Parse value into number. Use numeral.js for numeric parsing and formatting, can handler various input string format like "$10,000.00", "3.467TB", "76%", ...

interface NumberSelector {
  selector: string | string[];
  number: true; // required
  int?: boolean; // round value to int
  default?: number | null; // default value
  format?: "number" | string; // if format string passed then format number to that format (as string)
  roundMode?: "round" | "floor" | "ceil"; // mode used to round value to int
}
  • if invalid number passed, the parser return default value
  • if complex type or null passed, the parser return default value
  • if boolean passed, the parser return 0 for false and 1 for true
  • if format options is 'number', the parser return value as number (default)
  • if format options is other string, the parser return formatted number string
  • list of number format

DateParserEngine

Parse value into date. use day.js for date parsing and formatting

interface NumberSelector {
  selector: string | string[];
  date: true; // required
  parse?: string | string[]; // format for parsing input string into date
  format?: "iso" | "date" | "dayjs" | "timestamp" | string;  // output format
  default?: string | Date | number; // default value
}
  • if invalid date passed, the parser return default value
  • if complex type or null passed, the parser return default value
  • the parse options can be an array of string, for parsing different format
  • if number passed, the parser parse the number as timestamp
  • if format options is 'iso', the parser return value as iso date string (default)
  • if format options is 'date', the parser return value as Date object
  • if format options is 'timestamp', the parser return value as timestamp number
  • if format options is 'dayjs', the parser return value as dayjs instance
  • if format options is other string, the parser return formatted date string
  • list of date format token

Schema Helpers

Using schema helpers function to reduce nesting of your selector. example

import { date, num, obj, Parser } from "@mawngo/html-parser";

const parser = new Parser();

// using schema only
parser.parseHtml(html, {
  selector: {
    number: {
      selector: "pagination li",
      number: true // required for parsing number
    },
    date: {
      selector: "span.date",
      date: true // required for parsing date
    },
    scoped: {
      selector: ".title",
      scope: ["article"]
    }
  }
});

// using helpers
parser.parseHtml(html,
  obj({
    number: num("pagination li"),
    date: date("span.date"),
    scoped: str(".title", ["article"])
  })
);

List of available helpers

  • obj(selector: { [key: string]: GeneralSelector }, scopeOrOptions?): ObjectSelector
  • flat(selector: { [key: string]: GeneralSelector }, scopeOrOptions?): ObjectSelector & { flat: true }
  • num(selector: string | string[], scopeOrOptions?, default?): NumberSelector
  • int(selector: string | string[], scopeOrOptions?, default?): NumberSelector
  • str(selector: string | string[], scopeOrOptions?, default?): StringSelector
  • match(regex: string | RegExp, selector: string | string[], scopeOrOptions?, default?): StringSelector & { match: /regex/ }
  • bool(selector: string | string[], scopeOrOptions?, truthy?, falsy?): BooleanSelector
  • date(selector: string | string[], scopeOrOptions?, parse?, format?, default?): DateSelector

Built-in transforms

Almost all built-in transforms can be applied on single value, array and object. For array and object, the transform will auto applied to each item (in array) or field (in object)

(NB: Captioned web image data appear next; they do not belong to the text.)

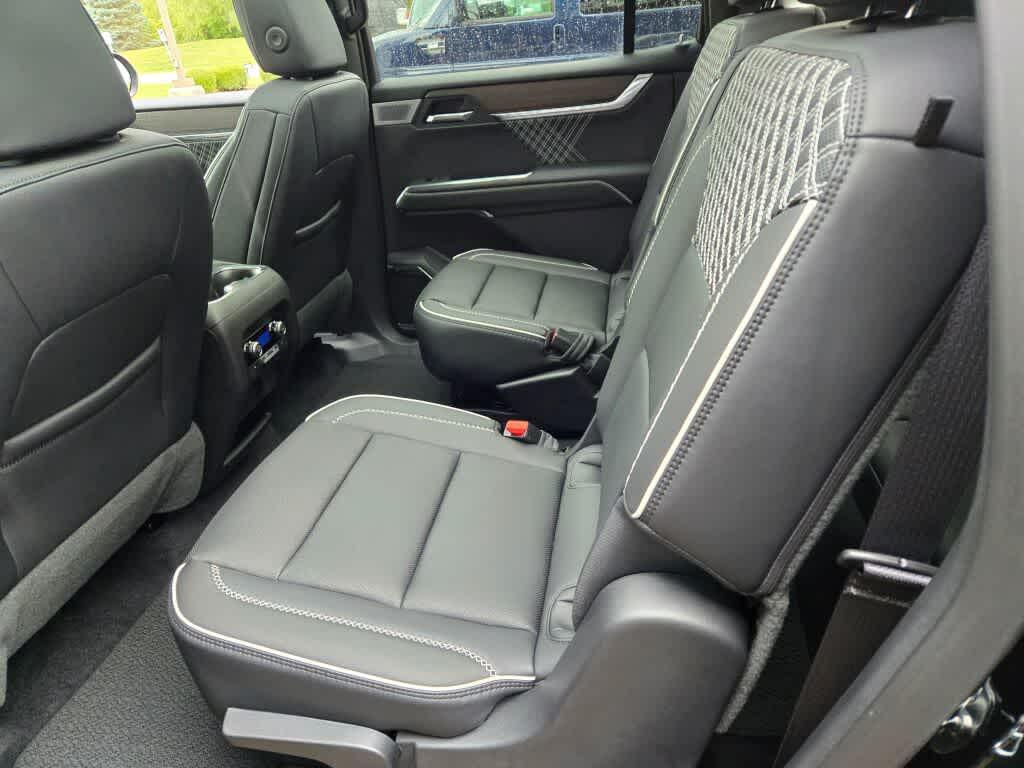 used 2025 GMC Acadia car, priced at $55,995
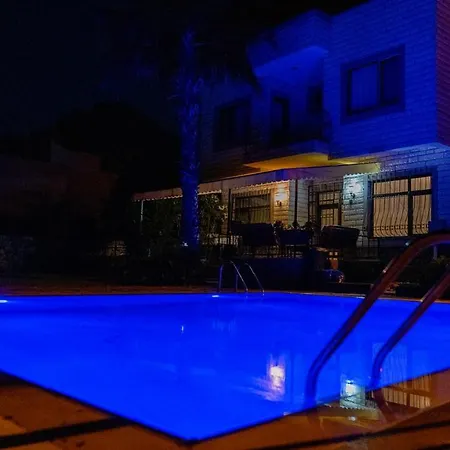 Spacious With Sea And Mountain View Villa *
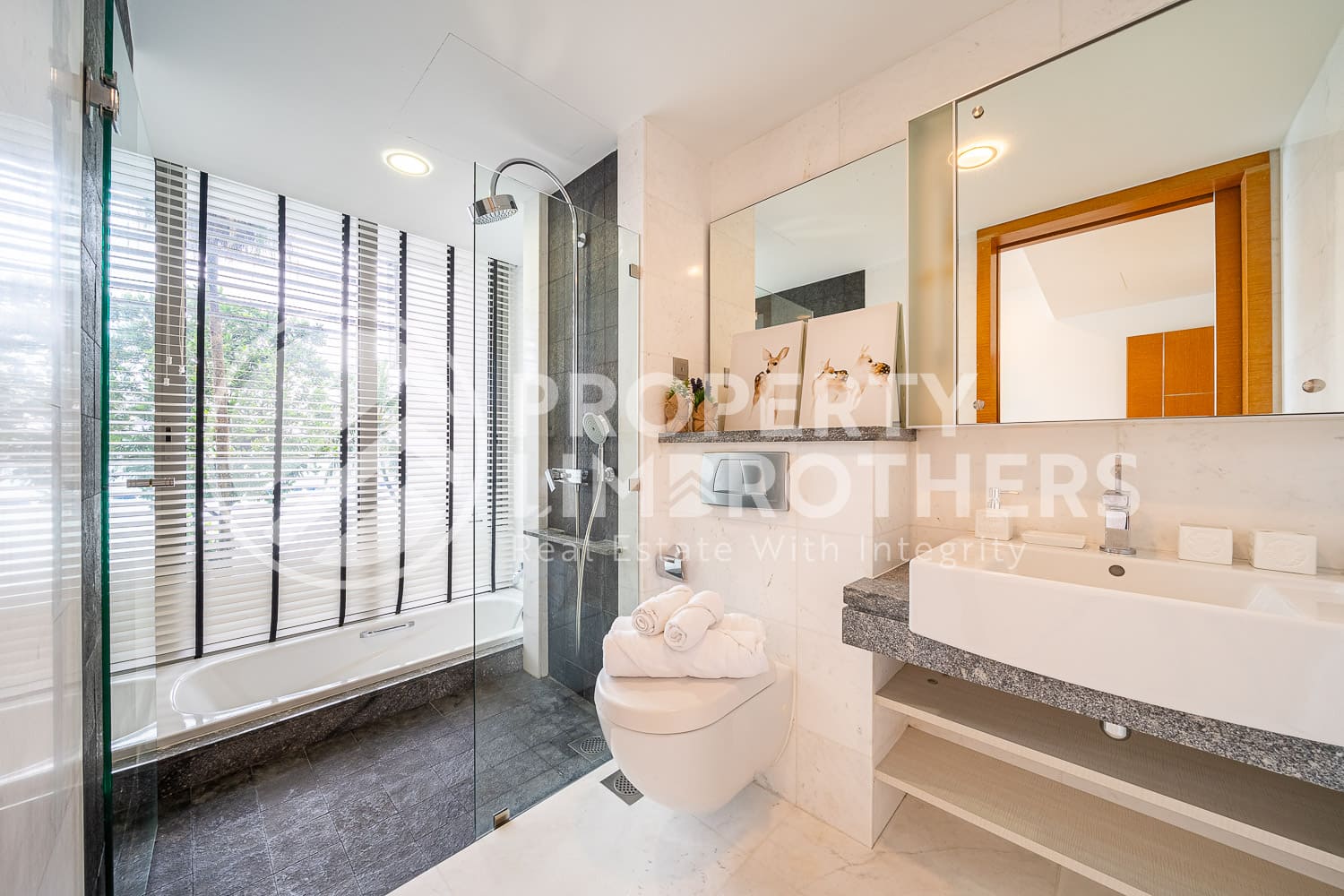 The Oceanfront @ Sentosa Cove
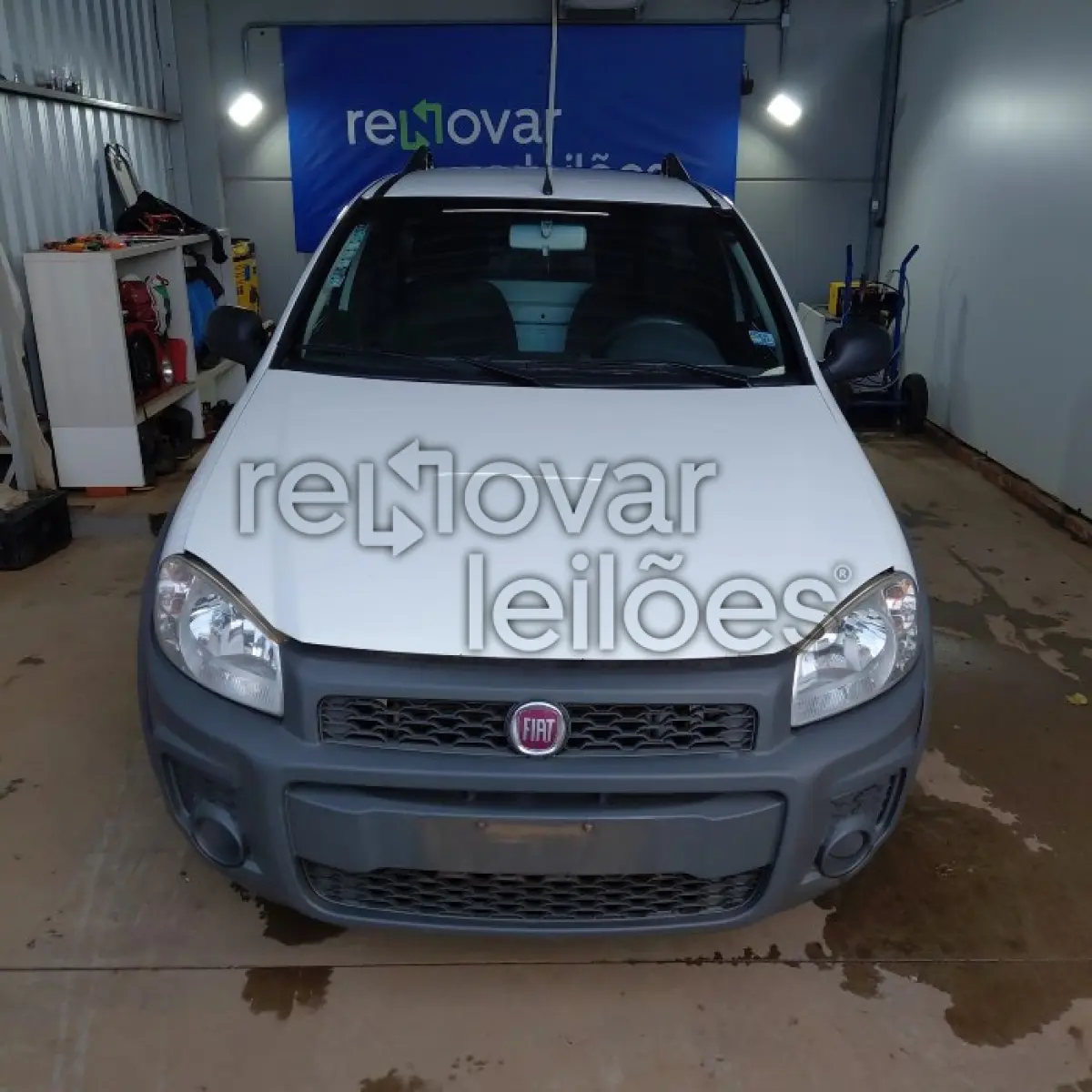 LOTE 073 - FIAT STRADA WORKING - ANO 2013/2014 - COMPLETO - SICREDI PLANALTO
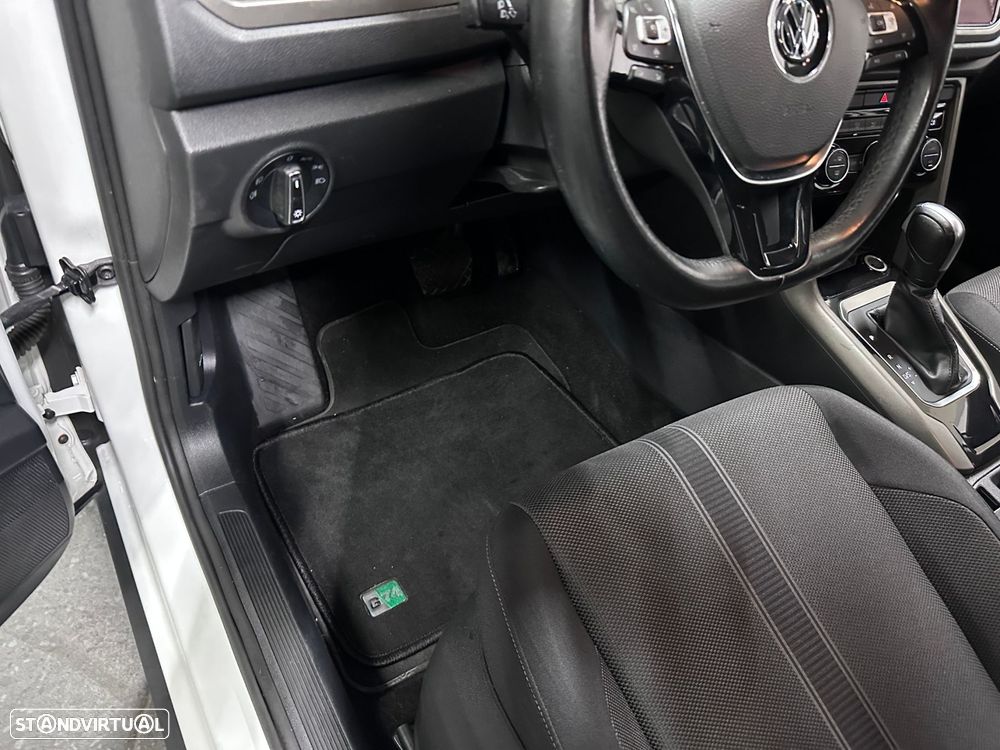 VW T-Roc 1.5 TSI Black Style DSG - 6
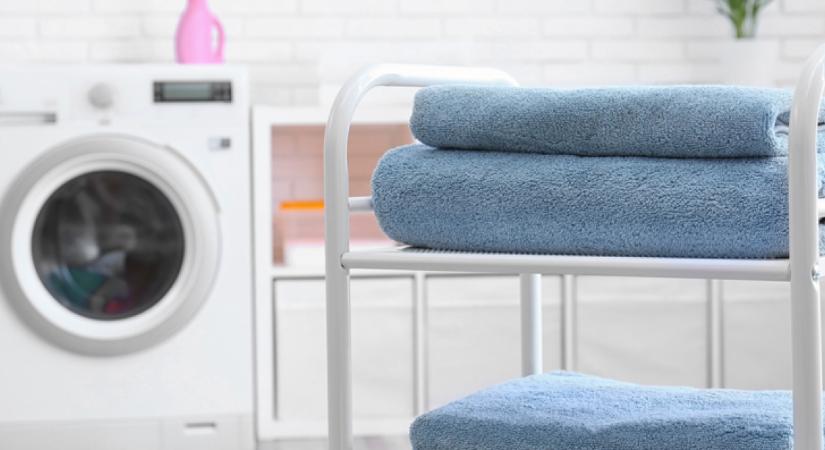 Soha többé nem büdösödik be a törölköző, ha mostantól így mosol
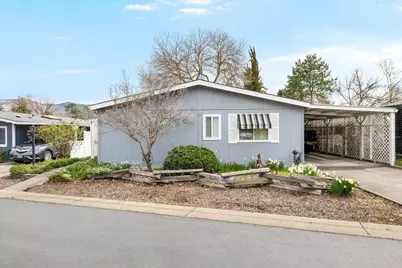 4624 S Pacific Highway #61, Phoenix, OR 97535 - Photo 3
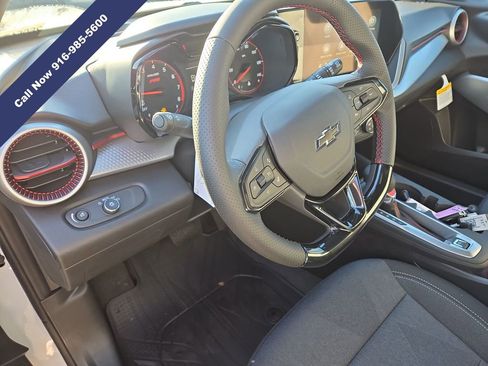 New 2026 Chevrolet Trax RS w/ Sunroof Package image 3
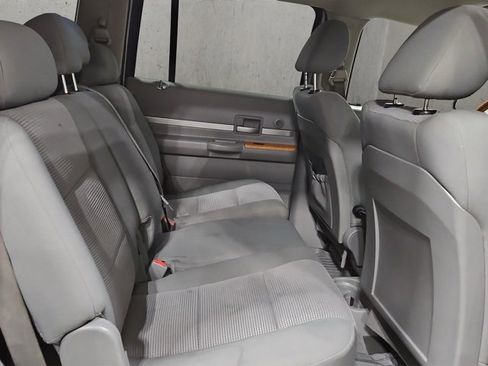 Used 2009 Chrysler Aspen Limited image 20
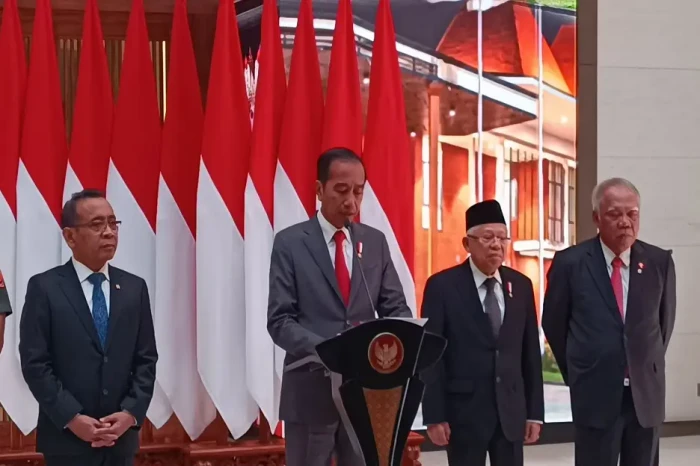 Presiden Jokowi Dijadwalkan...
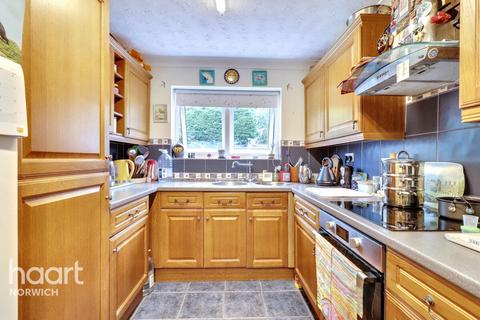 Billing Close, Norwich 3 bed detached house for sale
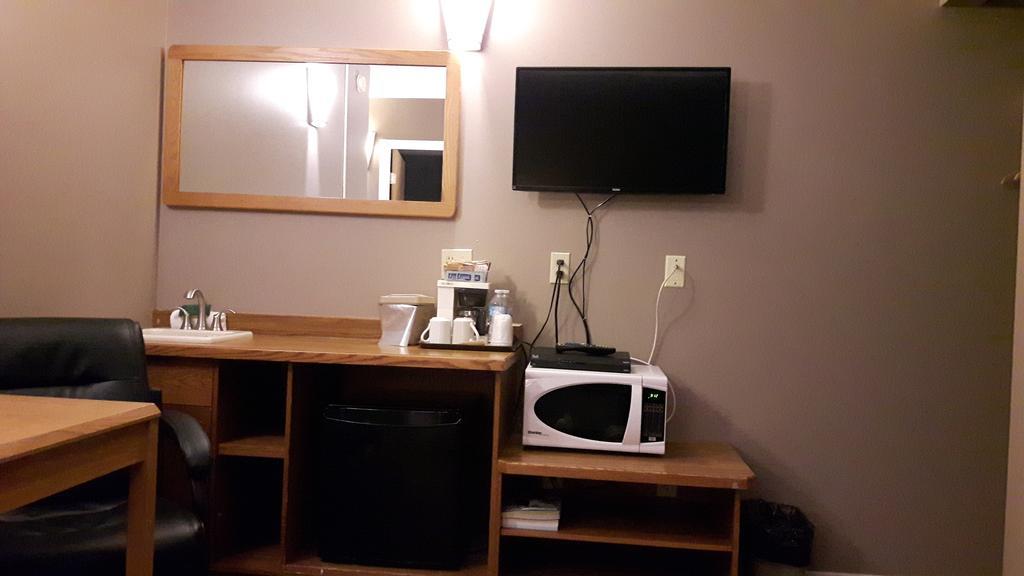 Canway Inn & Suites Dauphin Buitenkant foto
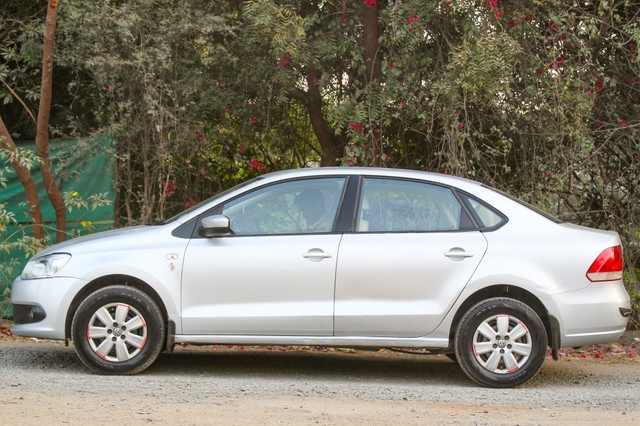 Volkswagen Vento Petrol Comfortline Second-hand 2012 Volkswagen Vento Petrol Comfortline for sale in Ahmedabad-4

Marked built-in transforms (* at the start) only support some specific type. They will return the input value if type is not supported

  • replace(input, match, replaceBy): replace matched in string (match is treated as regex).

  • match(input, token, flag?, defaultIfNoMatch?): match string (match is treated as regex), return matched value.

  • matchAll(input, token, flag?, defaultIfNoMatch?): like match but return all matched value as array (empty array if not match).

  • split(input, token, flag?): split string by token (token is treated as regex). return array of string.

  • lowercase(input): convert input to lowercase.

  • uppercase(input): convert input to uppercase.

  • title(input): convert input to title (upper case first letter of each word).

  • def(input, default, mode?: "blank", values?: []): return default if input is in values, or input is blank | empty | falsy | null (based on mode)

  • empty(input, default, mode?: "blank", values?: []): like def but return empty string instead of default

  • *join(input, glue?): join array into string. Only support array or object (join all object values into string).

  • *flat(input, depth?): flatten array. Only support array.

  • *unique(input): remove duplicated element in array. Only support array.

  • wrap(input, key?): if key not specified, return array contain input. if key is specified, return object which have 'key' value is input

  • *del(input, match): return null if value equal to match. For object, remove all key which have value equal to match. For array, remove all item equal to match

  • str(input): convert input to string

  • toString(input): call toString on input (basically convert input to string, but without special treatment for array and object). return string

  • json(input): call JSON.stringify on input. return json string

License

MIT